When I first met the man that was to be my husband, I was going through a phase of my life that was centered on me. Making my way in my career, living in my own little one bedroom apartment just downstairs from a good friend who was also single and career-driven. I occasionally (frequently) would have a glass of wine and Pringles or candy for dinner. I was no kind of mother figure whatsoever.
Falling in love with my husband “T” was the greatest thing that ever happened to me. Never before had I been with someone that made me a better version of myself, and challenged me the way he did. I knew from pretty much the beginning that he was the person I would spend the rest of my life with. It was magic, just like they say. He was a divorcee with two children from his previous marriage, his daughter “I” was 12 and his son “A” was 9. I can remember being so incredibly nervous to meet them for the first time, and spending hours picking out gifts to bring them in hopes that they would like me.
The gifts worked, because the kids did like me, and before long I was moving in with the two of them and their amazing dad. I went from being that single girl eating chips for dinner to a role of responsibility as a caretaker for these two awesome kids. Our “family” unit grew stronger over the years. We added two dogs and anywhere between 8-15 fish to the family along the way. When my husband proposed to me, the kids were both involved in planning the surprise and it took place with all four of us there together in our kitchen. They were the Maid of Honor and Best Man at our wedding, and “I” read a speech that brought the whole house to tears. While my heart was and is incredibly full, there was a piece missing.

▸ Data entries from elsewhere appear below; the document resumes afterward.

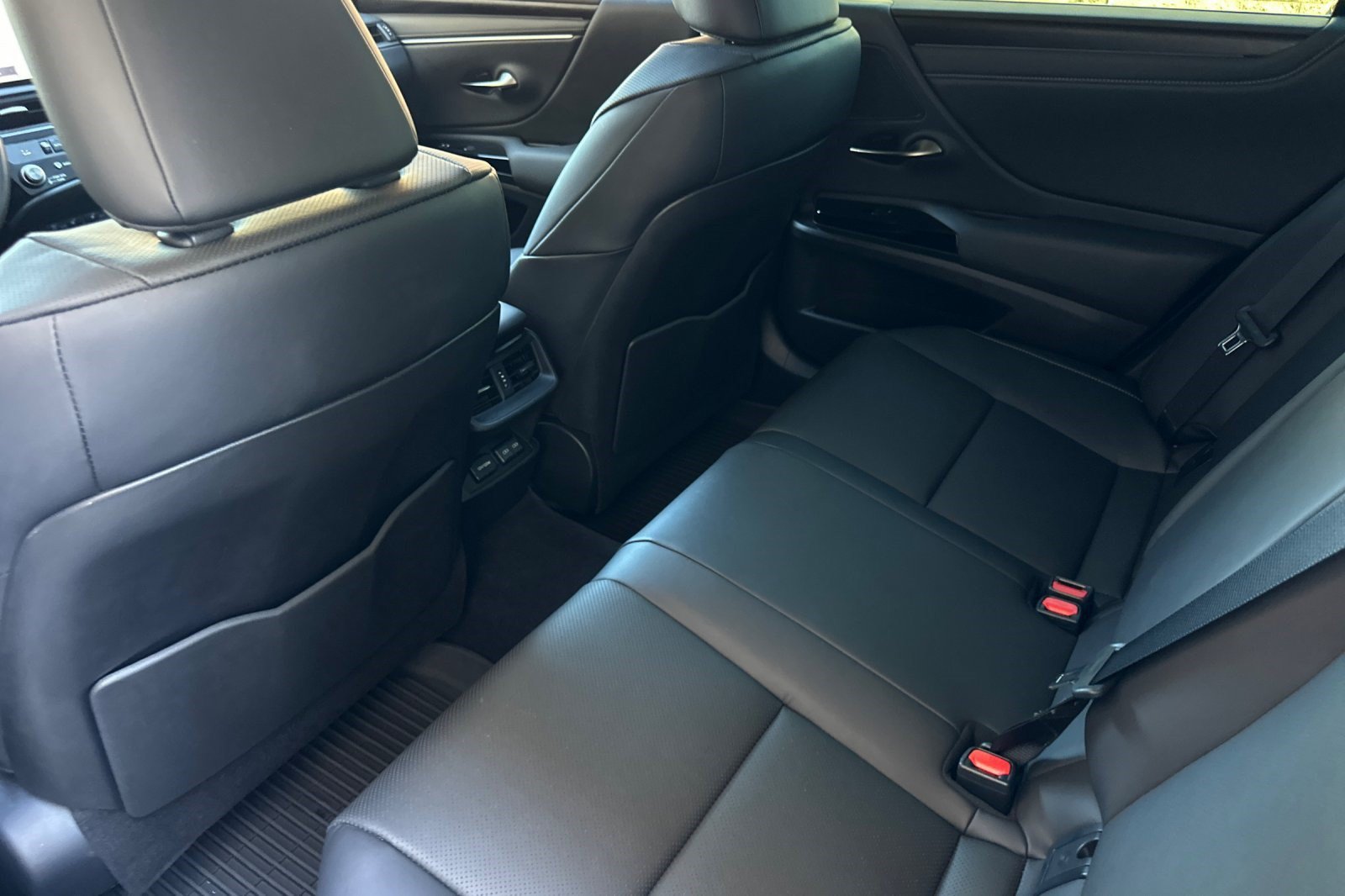 Used 2025 Lexus ES 300h F Sport w/ Accessory Package (Z1) FWD image 25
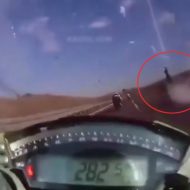 【主観映像】時速300km/hのバイクで事故ったらこうなる　全身はじけ飛んで6分割のバラバラ肉塊に・・・※グロ動画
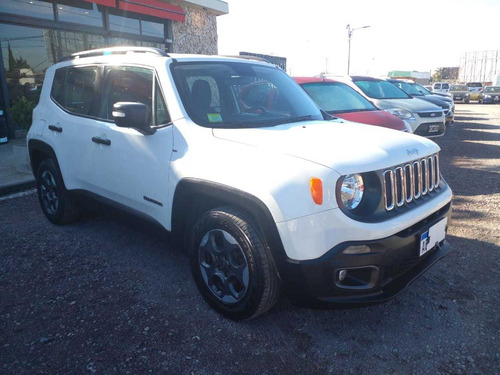 Imagen 2 de 15 de Jeep 2017 Renegade 1.8 4x2 Sport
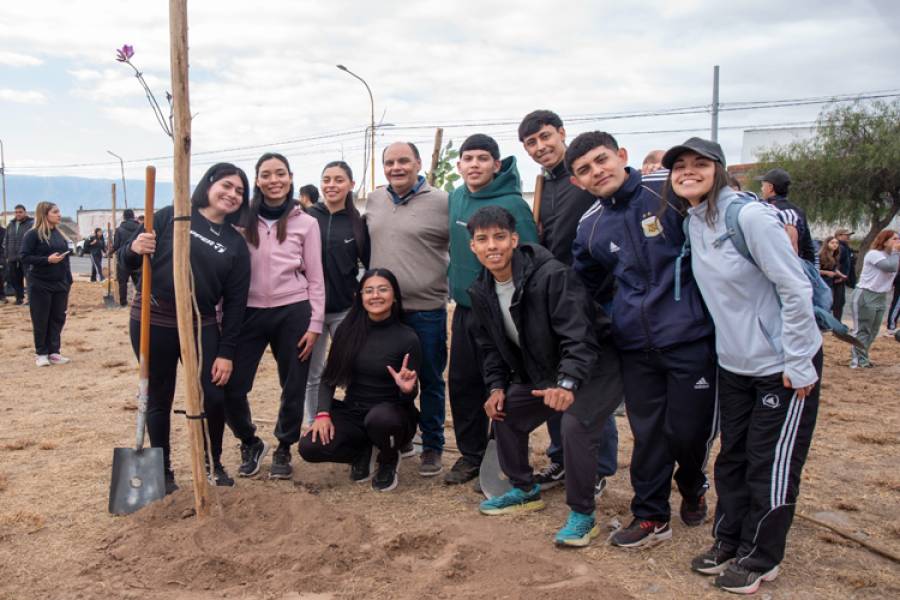 Gustavo encabezó una jornada de forestación en el canal de Choya por el Día del Árbol
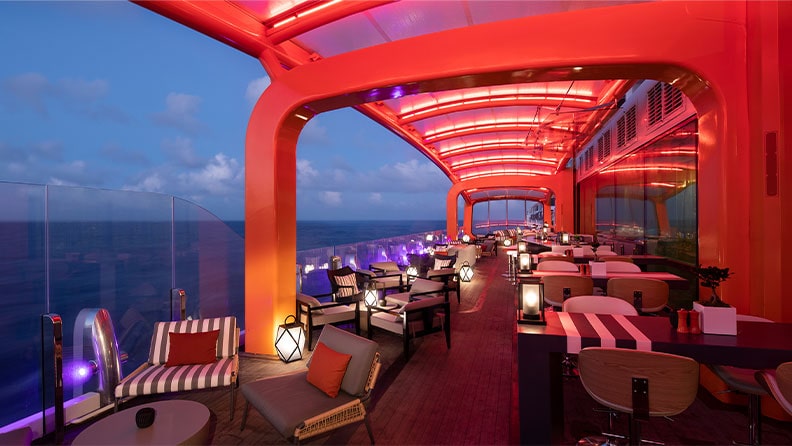 Magic Carpet do Celebrity Edge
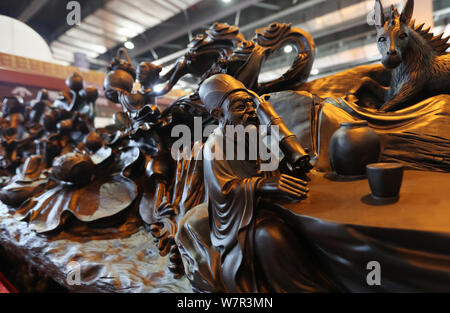 Una scultura in ebano denominato ''l'Otto Immortali'' che proviene da un'antica mitologia cinese è visualizzato durante il 2017 South-Southeast Asia fru Foto Stock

As much as I love those kids as if they were my own, I am a Stepmom. And I don’t mean to put down or make little of this role, because it is an amazing one, and one that has brought me an indescribable amount of happiness and purpose. But it does not come without its challenges.
The kids’ bio-mom made it clear early on to me what she felt my boundaries were, and what parts of their lives I was not to take charge of or be involved in. Like sending snacks to the elementary school for “A” or being a classroom mom. An example most recently was when “I” went shopping for her first prom dress with her mom. “I” sent me pics while she was in the dressing rooms to get my opinion too, which brought me to tears that she still wanted me to be part of it, but the act of taking her and being there in person was not something that was in my realm of allowances.

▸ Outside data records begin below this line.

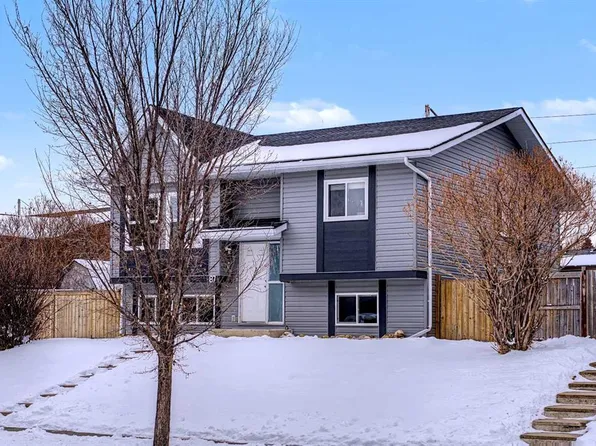 87 N Bedford Dr NE, Calgary, AB T3K 2N9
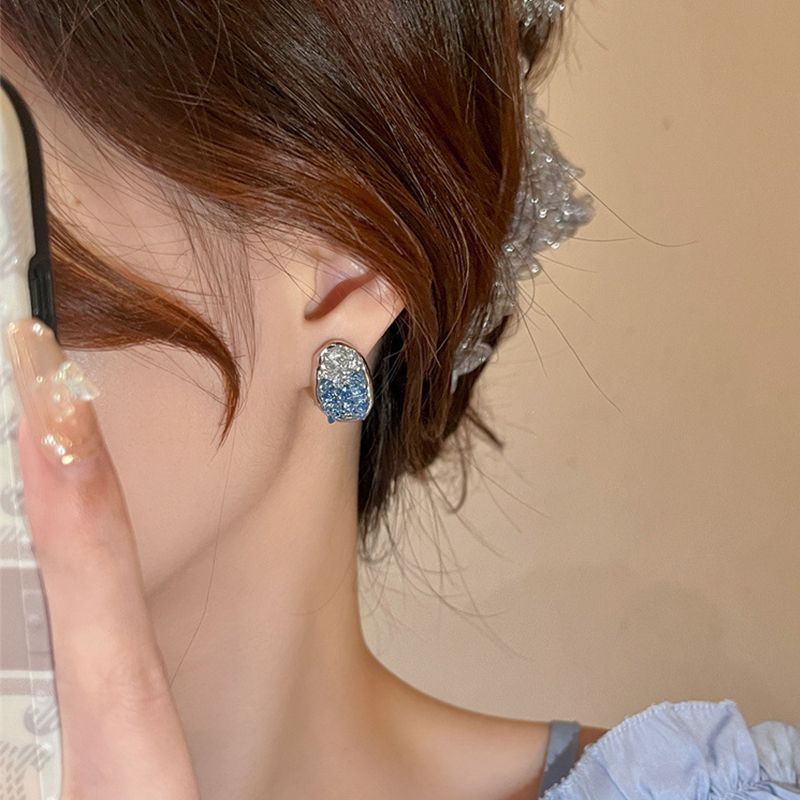 Anting Mewah Cahaya Kristal Geometris Anting Mode Sederhana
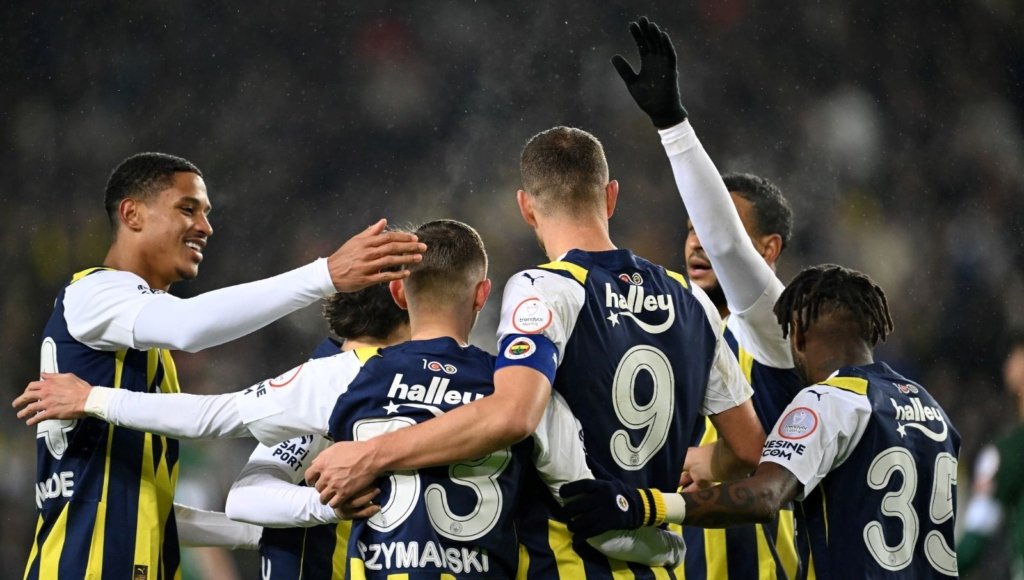 kadikoy’de-futbol-resitali:-fenerbahce-7-golle-kazandi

I never got the chance to rock these kids to sleep or read them a bedtime story. I never got to play Santa for them (at a time when they actually believed in the magic of Christmas. I play Santa now but I think they suspect it might be me). Or take them trick-or-treating. There was that tender part of being a mommy to someone tiny who needs me that was missing from the more mature (but extremely fun and rewarding) relationship I had with my stepkids.

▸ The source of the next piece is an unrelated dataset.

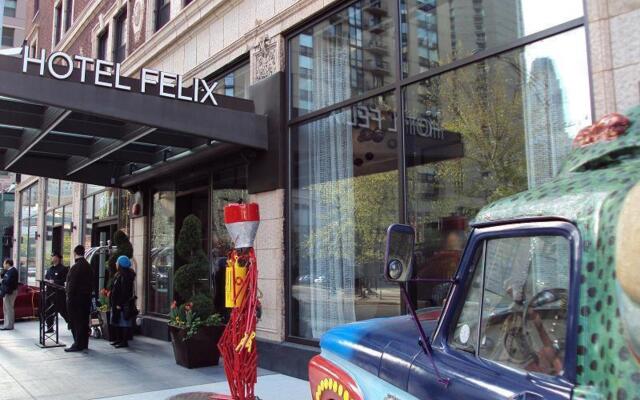 Hotel Felix River North/Magnificent Mile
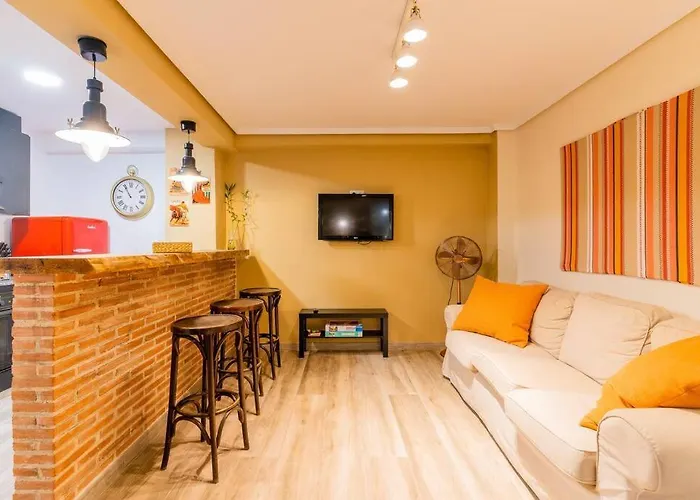 Ciudad Artes Gem: Stylish Near Ruzafa & شقة *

So, a couple of years ago, “T” and I started talking about having one of our own together. I come from a blended family, my mom had two children and my dad had three when they married, and then they had me and my two little sisters. I really feel like us joining the family was the glue that pulled everyone even closer together. As silly as it is, I want a sibling for “I” and “A” that is my child, to make our family closer in the same way.